(The task) In the data below, find the line containing "Фактория стр. 7" and the line containing "Volkswagen GOLF V Plus", then reproduce them and every line between, exactly. Omit pictures.

(Input records)
┌────────

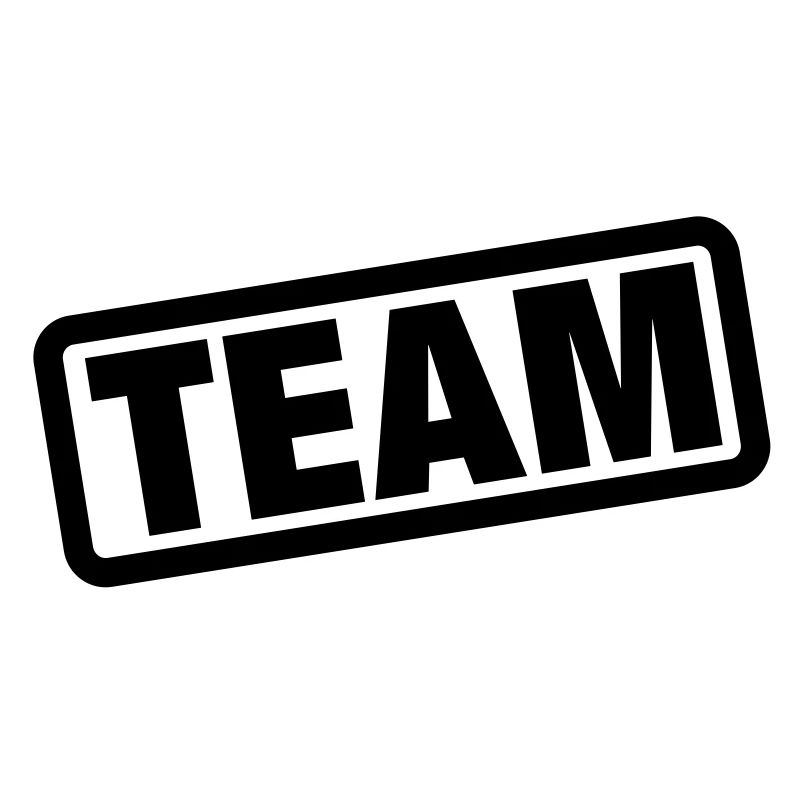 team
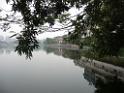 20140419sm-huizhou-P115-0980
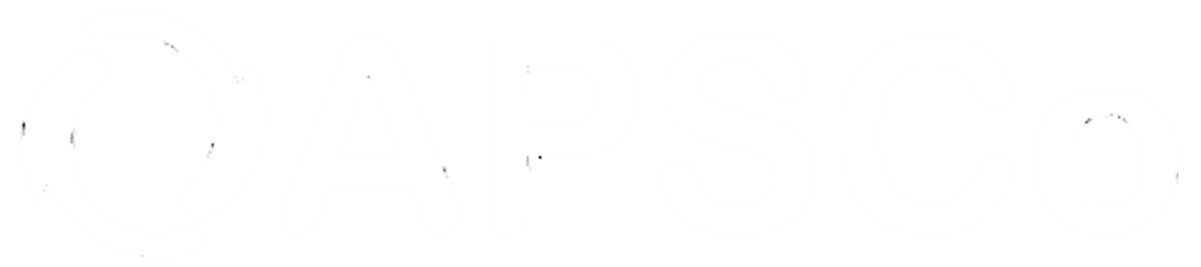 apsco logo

└────────
┌────────

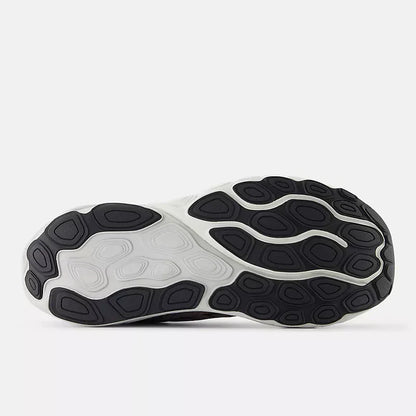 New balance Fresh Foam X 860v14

└────────
┌────────

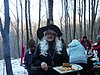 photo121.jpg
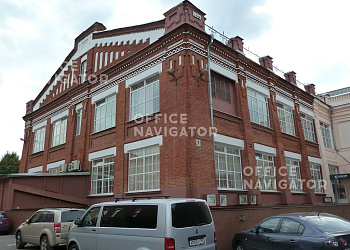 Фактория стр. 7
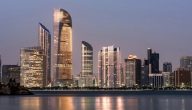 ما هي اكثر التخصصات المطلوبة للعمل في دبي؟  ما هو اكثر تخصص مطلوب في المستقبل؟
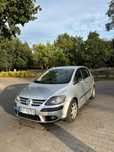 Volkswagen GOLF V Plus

└────────

(Solution to the problem)
 Фактория стр. 7
 ما هي اكثر التخصصات المطلوبة للعمل في دبي؟  ما هو اكثر تخصص مطلوب في المستقبل؟
 Volkswagen GOLF V Plus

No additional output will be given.